Saturday, April 11, 2015

04/12/15

This is the third post I've started tonight. It's late and my head is full of thoughts I can't seem to put into words. If anyone truly knows me, they should know this is a constant struggle of mine.


There's a quote that says, 

"That's what people do who love you. They put their arms around you and love you when you're not so lovable." -Deb Caletti

Unfortunately, that has been me these past couple weeks. I haven't been so lovable and I've been blaming it on everything from school to stress to loneliness to missing my brother, but I finally realized that while these things possibly had a negative effect on me, I was really the source of the problem. 

I'm not good at opening up, nor have I ever been. I shut down, get depressed, and don't let anyone in. I overthink. I worry. I complain. I feel the pressure of the world. Recently, I have felt all these things tenfold. I felt like everyone was against me, doubting and finding fault in my every move. I was being criticized from every angle in my life, and you know what? I was angry. I was mad at people for not seeing how difficult my life already was and for adding onto it. 

A lot of things are extremely important to me, and if we were to compile a list, at the top would always be family. During all this, I never once doubted my parents love for me. Sure, I got frustrated, but I never once felt unloved. I was not lovable, but they put their arms around me and loved me anyway.

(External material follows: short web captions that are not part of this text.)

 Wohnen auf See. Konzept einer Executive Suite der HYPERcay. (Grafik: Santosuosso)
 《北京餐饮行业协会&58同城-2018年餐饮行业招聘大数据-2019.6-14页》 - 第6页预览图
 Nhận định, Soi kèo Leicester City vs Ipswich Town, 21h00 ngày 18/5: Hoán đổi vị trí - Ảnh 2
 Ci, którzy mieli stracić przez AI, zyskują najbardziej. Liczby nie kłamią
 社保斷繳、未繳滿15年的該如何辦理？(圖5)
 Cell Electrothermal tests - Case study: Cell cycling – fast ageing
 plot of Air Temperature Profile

I have been blessed with one of the best families in the world, and I sometimes find myself taking for granted that fact.

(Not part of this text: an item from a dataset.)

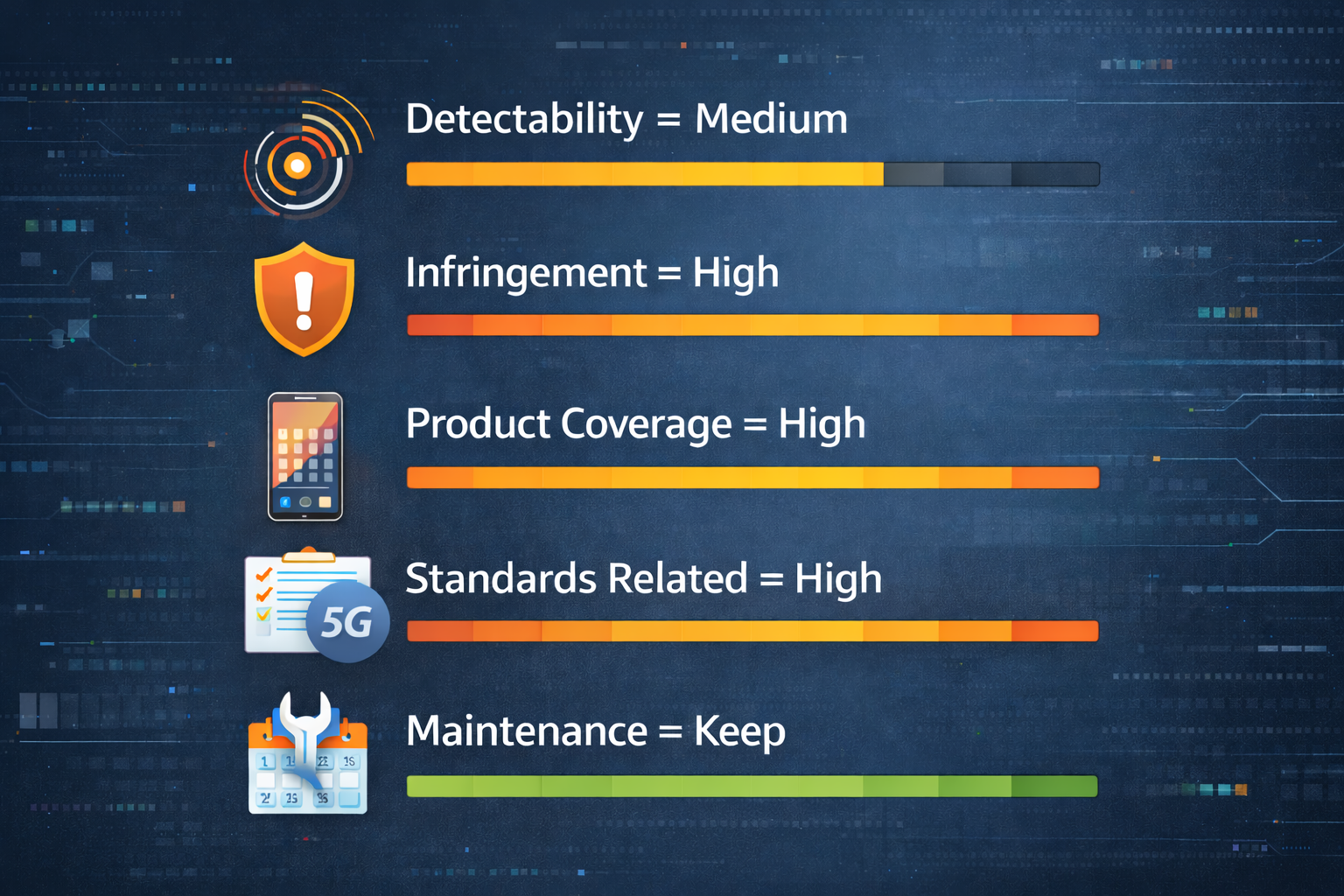 AI Patent Assessment showing invalidity, IPR success, and claim construction predictions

There's one person specifically that I've always had a special connection with. Many of my childhood memories include him. From eating peaches late at night, to waking up early to go on drives around the ranch. This person is my best friend, my role model, and my inspiration. My Papa Pete.

My grandpa (Papa Pete) was born in 1930 and moved to Duncan, Arizona in 1935. He graduated from Duncan high school in 1948 and went on to play basketball for the University of Arizona on a scholarship. After meeting his future wife and my grandma, his plans for obtaining a degree changed and they were married in 1950. From there, my grandma's dad introduced my Papa Pete to the ranching life and they moved to Colorado to begin a life of ranching. In 1962, they moved back to Arizona and managed a ranch for a friend. In 1977, they fulfilled their dreams and bought their own cattle ranch, calling it Tanque.

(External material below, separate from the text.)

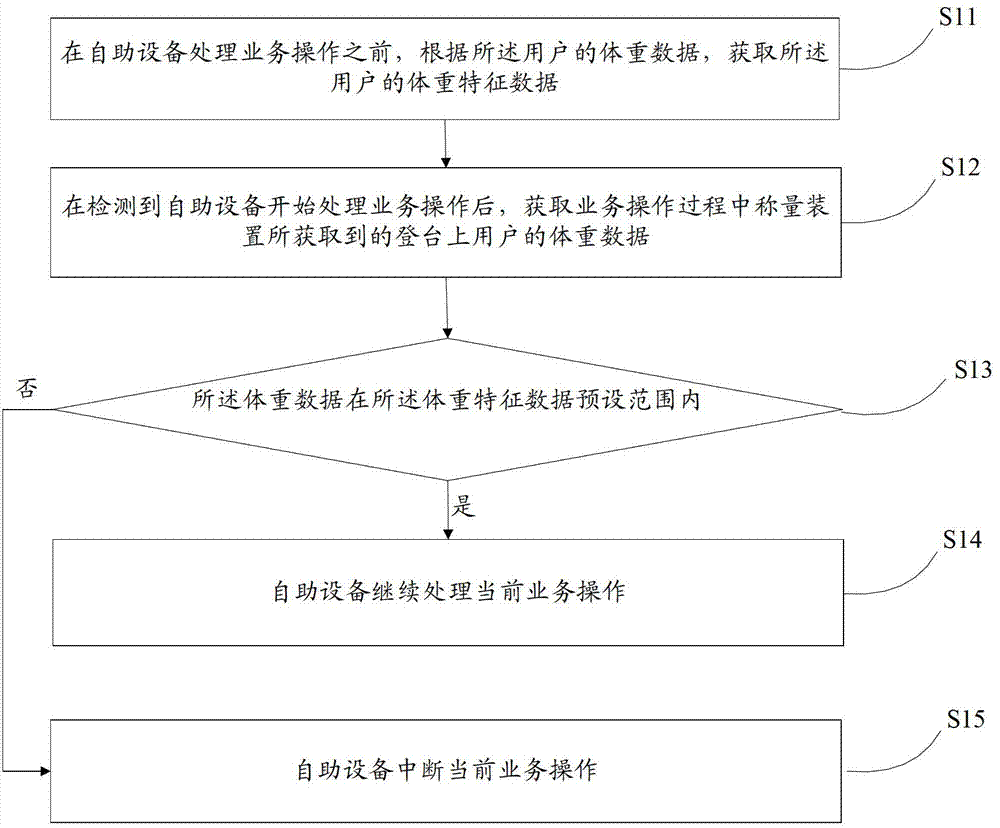 A kind of self-service equipment business operation method and device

An interesting story, but why am I telling you? Well, it has to do with one sentence my Papa said while we were visiting for Thanksgiving that has stuck with me since that day. He humbly said, with tears in his eyes,
"I feel so blessed. I have lived the American Dream."

My grandpa's life has in no way been easy. He has worked hard his entire life to get where he's at today, and because of that, he is one of the people I look up to the most. He has accomplished so many great things in his life, including being entered into the Cowboy Hall of Fame, and many people admire and respect him for his accomplishments. But out of all his many achievements, there is one that I think tops them all. 

On November 29, 2014,  My Papa Pete was baptized and confirmed as a member of the Church of Jesus Christ of Latter-Day Saints.  

When I think back to that day, I don't think ab
out my terrible piano playing or the fact that my brother wasn't there with us. When I think about that morning and seeing my Papa Pete dressed in white, all I can think about is how perfect it was. The humility and happiness. The moment we all silently wished for and knew would happen, happened. In that moment, there was peace

I make mistakes. I get grumpy. Life throws me curveballs and I sometimes feel like giving up and striking out. But the great part about life is we are all given second chances. At any given moment, we can wake up and say, "Today is the day I'm going to be happy". And from then on, you choose each day to be happy. You choose. The American Dream was an ideal that started in the 1930's where success was achieved through hard work and dedication. But even now, it is still just as relevant. Life is sometimes hard work. It beats you down to the point where you just don't feel like getting back up. When that happens, when you aren't so lovable, let yourself be held by those who do love you. And when you're ready, you stand tall, and you live your life in a way that you can one day hold your head high and say, 

"I feel so blessed. I have lived the American Dream."

Whatever that entails for you, you live your own American Dream.